Luci sugli oceani. L’impatto è evocativo, quasi poetico, fa subito pensare a suggestive scie luminose che sembrano aprire cammini sull’acqua. E invece è una tragedia, come dimostra il primo “atlante globale dell’inquinamento luminoso negli oceani“, realizzato dai ricercatori dell’università della California, nell’ambito degli studi sull’impatto che le luci artificali determinano di notte sugli ecosistemi marini. Le conclusioni alle quali arriva lo studio sono davvero preoccupanti, perché si dimostra che zone sempre più estese dei nostri mari subiscono gli effetti delle luci artificiali delle attività e degli insediamenti umani. E questi effetti, insieme alla luce, si sentono anche a notevoli profondità.
A causare l’inquinamento luminoso sono fasce costiere su cui si concentrano gli insediamenti urbani, oppure, anche a migliaia di chilometri dalle coste, le piattaforme offshore di estrazione petrolifera. Le luci che squarciano il cielo come il mare possono cambiare i comportamenti delle creature che lo abitano e differenze regionali o stagionali, come le fioriture di fitoplancton o i sedimenti dei fiumi, possono influenzare anche la profondità a cui penetra la luce, aumentandone gli effetti.
“Il 21° secolo vedrà un drammatico aumento dell’urbanizzazione costiera e delle infrastrutture offshore. – scrivono i ricercatori nell’introduzione al loro lavoro – L’illuminazione dai centri urbani costieri, dalle piattaforme petrolifere e da altre strutture offshore si disperde nell’atmosfera per formare un bagliore diffuso artificiale, che aumenta l’estensione dell’inquinamento luminoso dalla fonte a centinaia di chilometri negli habitat marini circostanti“.
“Una delle dimostrazioni più chiare che siamo entrati in un’altra epoca, l’urbanocene – notano ancora – è la prevalenza di luce artificiale notturna visibile dallo spazio“. I ricercatori spiegano poi che per realizzare il loro atlante e valutare dove il bagliore è più forte hanno messo insieme un atlante mondiale della luminosità del cielo notturno artificiale creato nel 2016 con dati sull’oceano e sull’atmosfera.
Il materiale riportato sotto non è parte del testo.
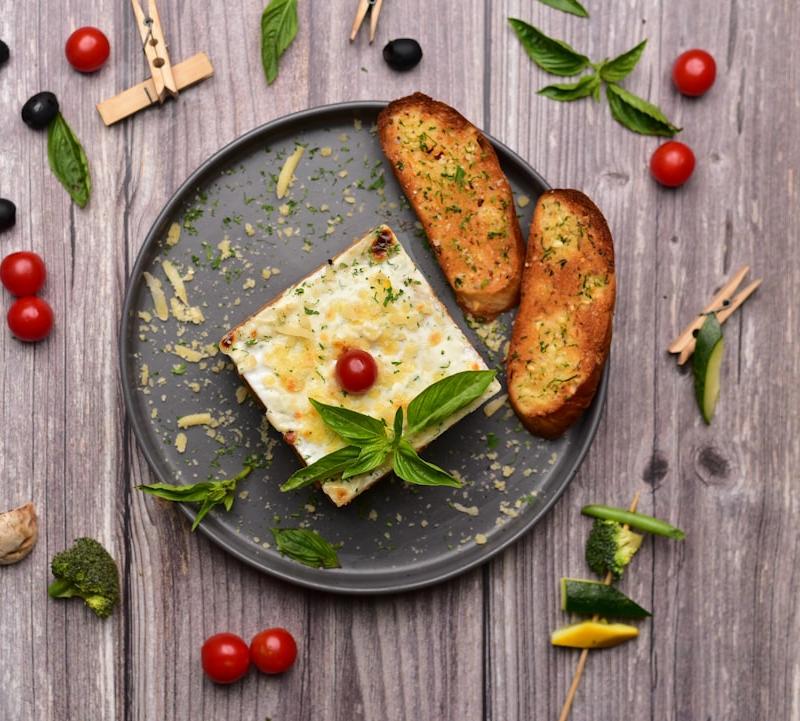 Crispy Feta & Honey with Garlic Bread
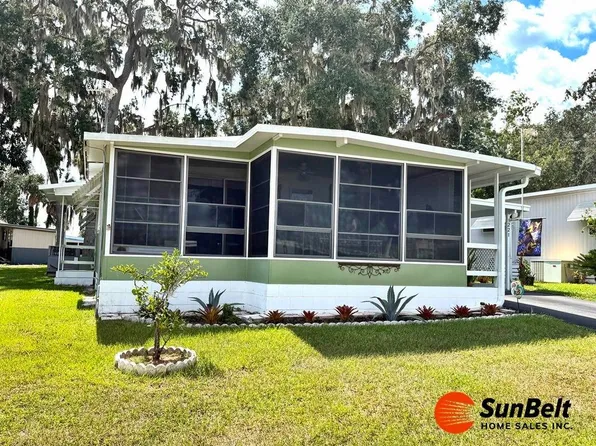 221 Prince Dr, Leesburg, FL 34748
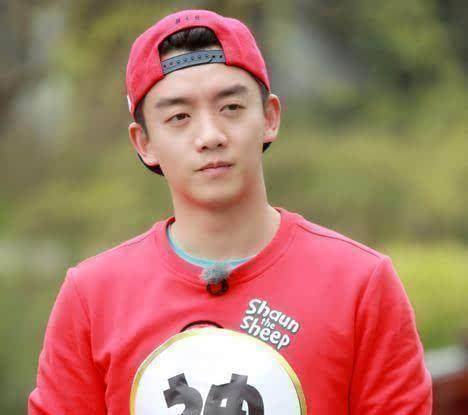 算是迪丽热巴,跑男团成员如今是八位,观众们早已看习惯了他们,突然换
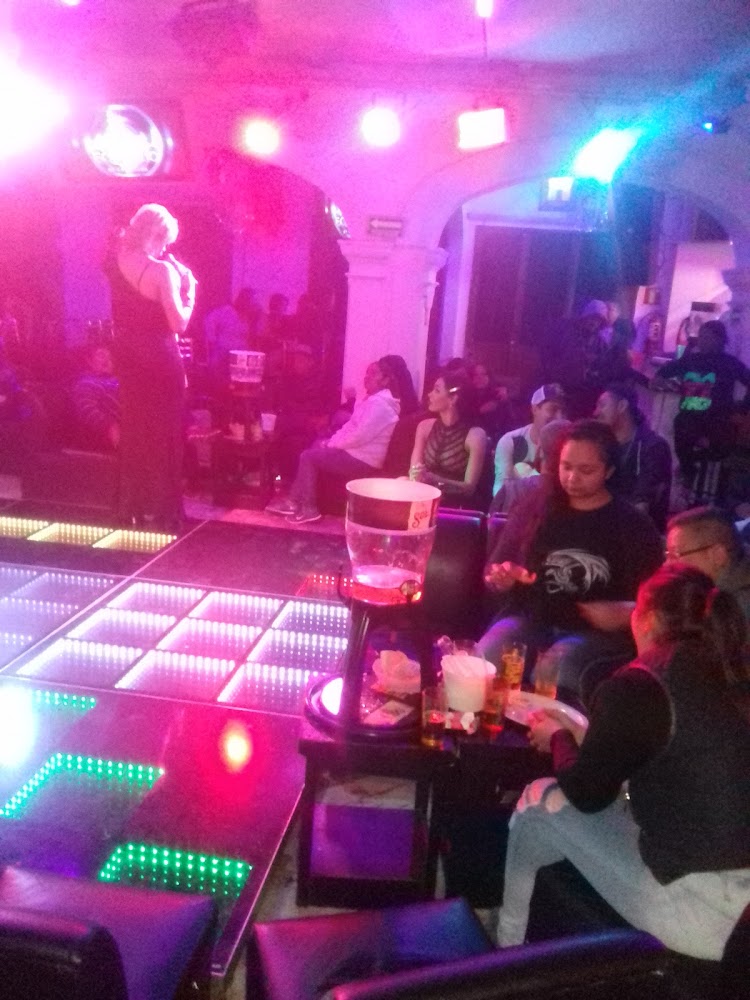 Equilibrio Discotheque Club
Tali dati includono misure di bordo della luce artificiale, dati satellitari raccolti mensilmente dal 1998 al 2017 per stimare la prevalenza di fitoplancton e sedimenti che disperdono la luce, e simulazioni al computer di come le diverse lunghezze d’onda della luce si muovono attraverso l’acqua.
Non tutte le specie sono ugualmente sensibili alla luce, quindi per valutare l’impatto il team si è concentrato sui copepodi, onnipresenti creature simili a gamberi che sono una parte fondamentale di molte reti alimentari oceaniche. Come altri minuscoli zooplancton, i copepodi usano il sole o la luna invernale come punto di riferimento per immergersi in massa nelle oscure profondità, cercando sicurezza dai predatori di superficie.
Lo studio dimostra poi che la luce notturna emessa da noi umani ha il maggior impatto nell’acqua fino a un metro di profondità, dove la luce artificiale è abbastanza intensa da causare una risposta biologica in quasi 2 milioni di chilometri quadrati di oceano, un’area approssimativamente quella del Messico. Venti metri più in basso, l’area totale colpita si riduce di oltre la metà, a 840.000 chilometri quadrati.
“Ci sono evidenze sempre più accurate dei potenziali impatti delle luci artificiali notturne sulle filogenesi marine e tutti i livelli di organizzazione biologica – concludono i ricercatori – L’inquinamento luminoso influisce su molteplici aspetti della storia della vita degli organismi marini, tra cui un ridotto successo riproduttivo, una migrazione interrotta, una selezione delle specie alterata e un alterato equilibrio delle interazioni tra specie. Il nostro atlante è il primo a quantificare la prevalenza spaziale e temporale globale delle luci artificiali notturne biologicamente importanti negli habitat sottomarini”. L’atlante ha numerose applicazioni potenziali nella progettazione di esperimenti ecologici, biogeografia e conservazione.